Die SPD-Fraktion war und ist immer noch überzeugt von diesem Beschluss, gehe es doch darum, die teilweise nicht gut zugänglichen Einzelpraxen zu verlagern. Diese seien nicht nur barrierefrei, sondern auch dazu geeignet, dass zusätzliche angestellte Ärzt/-innen von den niedergelassenen Ärzt/-innen beschäftigt werden könnten. Das seki ein wesentlicher Bestandteil der Sicherung Großkrotzenburger Arztpraxen. Die ersatzlose Schließung der Praxen Protzmann und Volz sei allen in Erinnerung.

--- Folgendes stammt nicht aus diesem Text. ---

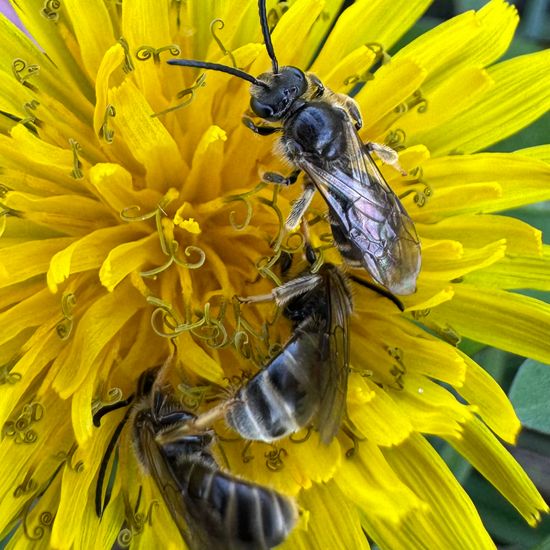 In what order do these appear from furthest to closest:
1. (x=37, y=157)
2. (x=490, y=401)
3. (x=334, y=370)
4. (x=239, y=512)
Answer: (x=490, y=401) → (x=37, y=157) → (x=334, y=370) → (x=239, y=512)

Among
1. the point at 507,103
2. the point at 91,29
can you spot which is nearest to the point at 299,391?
the point at 91,29

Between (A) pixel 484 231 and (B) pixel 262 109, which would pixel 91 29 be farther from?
(A) pixel 484 231

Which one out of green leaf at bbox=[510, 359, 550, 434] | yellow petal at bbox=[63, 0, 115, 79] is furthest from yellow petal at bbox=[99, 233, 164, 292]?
→ green leaf at bbox=[510, 359, 550, 434]

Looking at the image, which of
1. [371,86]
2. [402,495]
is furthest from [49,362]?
[371,86]

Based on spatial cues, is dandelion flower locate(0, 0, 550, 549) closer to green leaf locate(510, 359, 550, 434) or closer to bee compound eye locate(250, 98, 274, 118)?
bee compound eye locate(250, 98, 274, 118)

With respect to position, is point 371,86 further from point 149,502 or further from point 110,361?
point 149,502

"Nach zähem Ringen wurde dafür ein Standort gefunden und eigentlich hätten damit die Planungen mit Energie vorangetrieben werden können und müssen. Genannte Baubeginne wurden mehrfach verschoben und noch immer ist nicht viel geschehen. Diese Energie fehlt jedoch offensichtlich den Beteiligten, Investor und Gemeinde. Umso erstaunter war die Gemeindevertretung jetzt, dass zur Genehmigung des Bauantrags plötzlich Parkplätze fehlen sollten, denn früher wurde bei Vorstellungen von einer sehr großen Anzahl gesprochen, die sich jetzt auf ca. 70 reduziert haben. Davon sollen jedoch auf dem Gelände Platz für 22 Plätze fehlen und damit die Erteilung der Baugenehmigung zunächst verhindern. Intensive Beratungen im Gemeindevorstand brachten dann ein Ergebnis, das jedoch dem Bauträger nicht behagte. Dessen Absicht, für die Parkplätze zunächst Grundstücke der Gemeinde zu belasten, fand Widerspruch. Der Gemeindevorstand wollte hier vernünftiger Weise eine rechtliche Absicherung, die jedoch zunächst am Bauträger scheiterte. Vertreter aller Fraktionen suchten und fanden im Präsidium der Gemeindevertretung eine Lösung, deren Umsetzung durch den Gemeindevorstand erfolgen und die Gemeindevertretung in die Lage versetzen sollte, einen für die Gemeinde rechtssicheren Beschluss zu fassen. Leider waren weder der Bürgermeister noch seine Verwaltung in der Lage, hierzu einen beschlussfähigen Vorschlag zu machen. Das, was in der Gemeindevertretung vom Bürgermeister, selbst ausgebildeter Jurist, vorgelegt wurde, hätte die beabsichtigte Sicherheit für die Gemeinde nicht erbracht. Deshalb erfolgte in der Gemeindevertretersitzung eine ca. halbstündige Sitzungsunterbrechung, in der die Fraktionen einen ehrenamtlich vom Bauausschussvorsitzenden Fischer erarbeiteten Vorschlag diskutierten und in der Sitzung dann auch beschließen konnten", so die SPD in einer Pressemitteilung.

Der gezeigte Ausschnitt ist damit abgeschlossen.